-------- RAW DATA

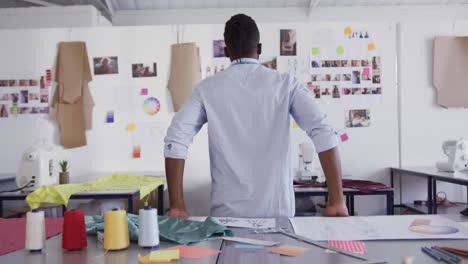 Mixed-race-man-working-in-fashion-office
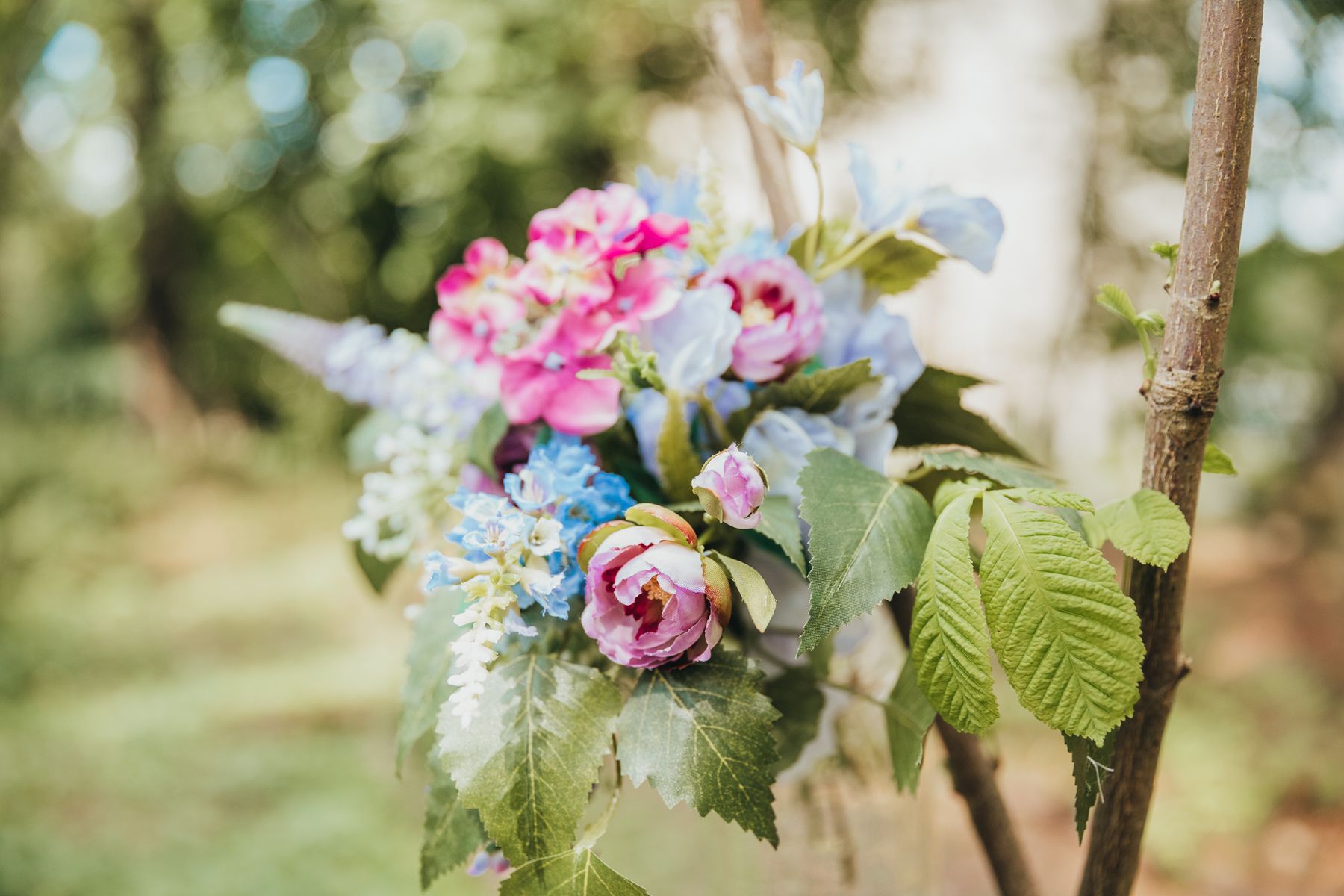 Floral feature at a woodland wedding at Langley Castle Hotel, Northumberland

----------------
-------- RAW DATA

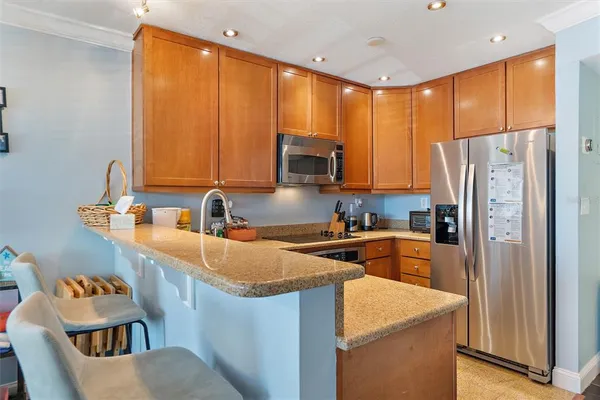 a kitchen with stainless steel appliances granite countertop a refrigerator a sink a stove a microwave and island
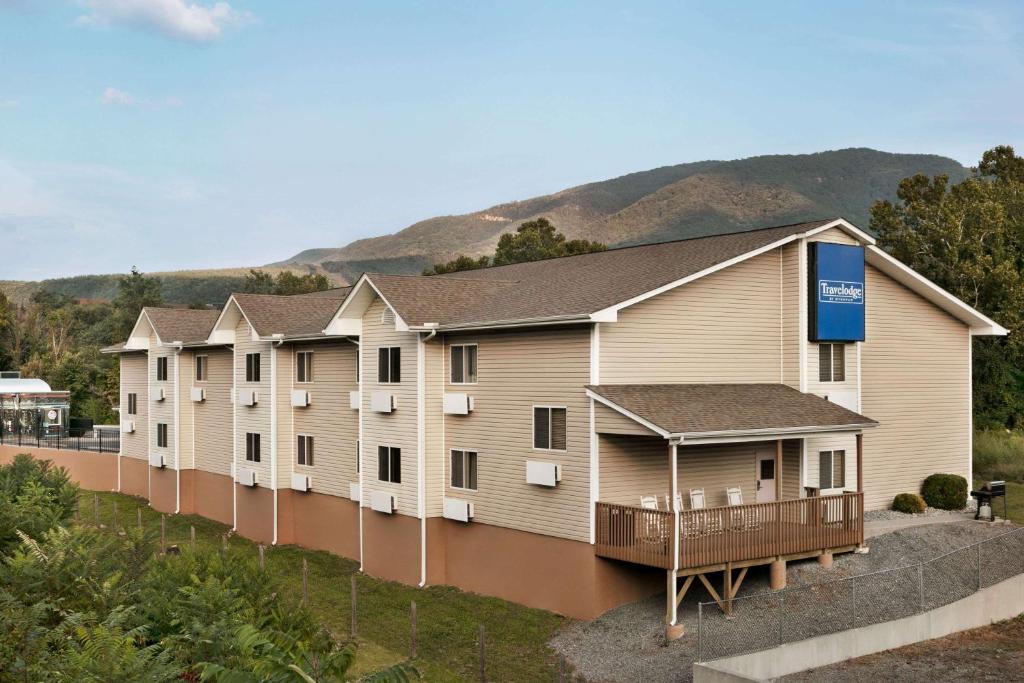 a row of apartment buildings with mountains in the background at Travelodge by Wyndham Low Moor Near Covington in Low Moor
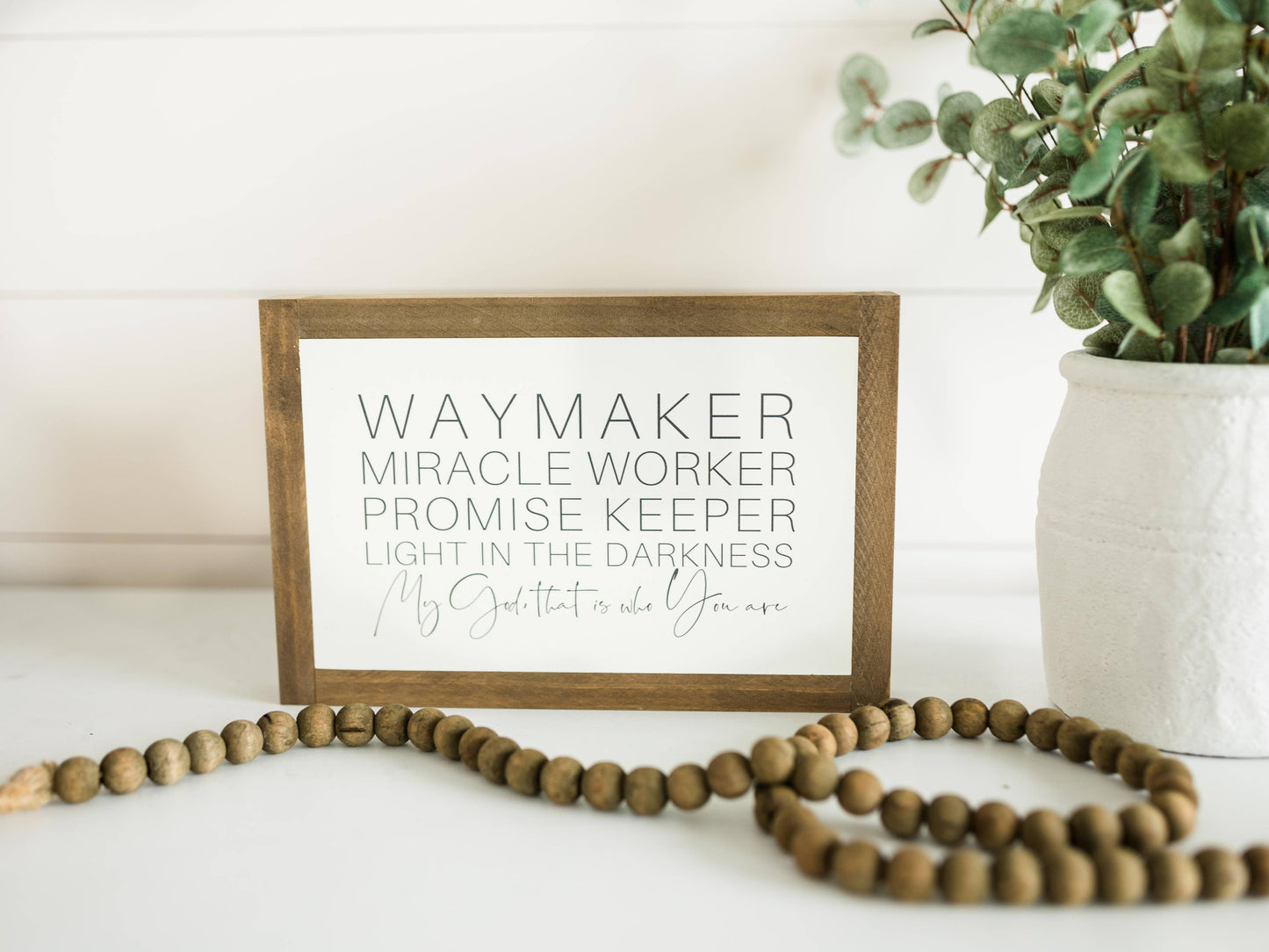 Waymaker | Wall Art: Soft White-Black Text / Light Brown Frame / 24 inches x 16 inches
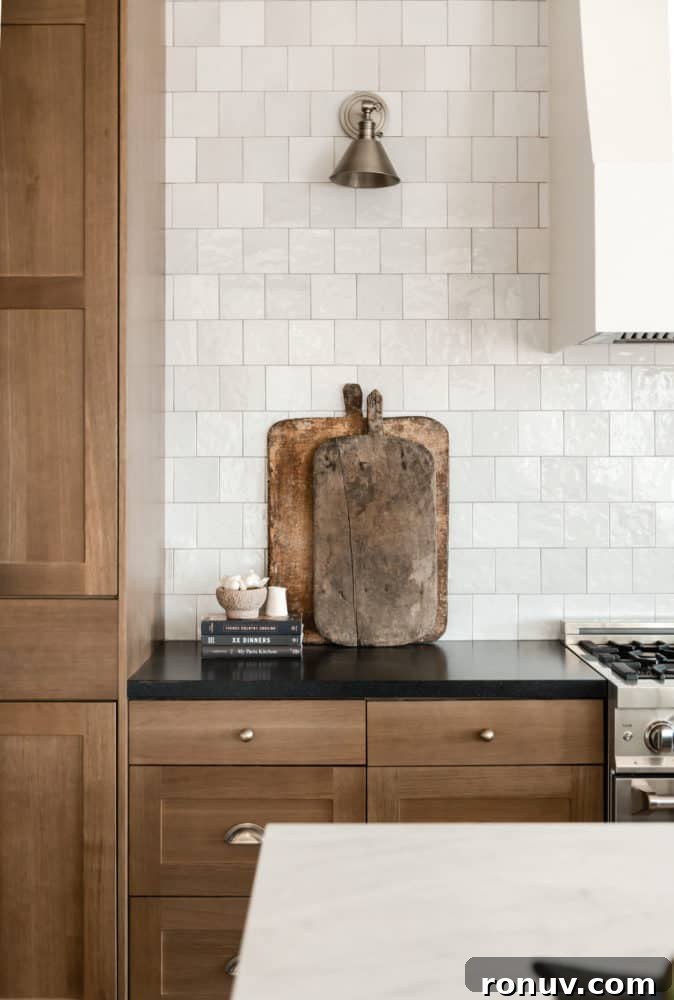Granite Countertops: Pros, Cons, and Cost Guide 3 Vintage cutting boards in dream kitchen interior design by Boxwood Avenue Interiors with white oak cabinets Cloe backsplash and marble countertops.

----------------

Using the entries above, repeat exactly the lines from the one with "Waymaker | Wall" to the one with "Granite Countertops: Pros, Cons, and", both included, and leave the pictures behind.

» **FINISHED TASK**:
 Waymaker | Wall Art: Soft White-Black Text / Light Brown Frame / 24 inches x 16 inches
Granite Countertops: Pros, Cons, and Cost Guide 3 Vintage cutting boards in dream kitchen interior design by Boxwood Avenue Interiors with white oak cabinets Cloe backsplash and marble countertops.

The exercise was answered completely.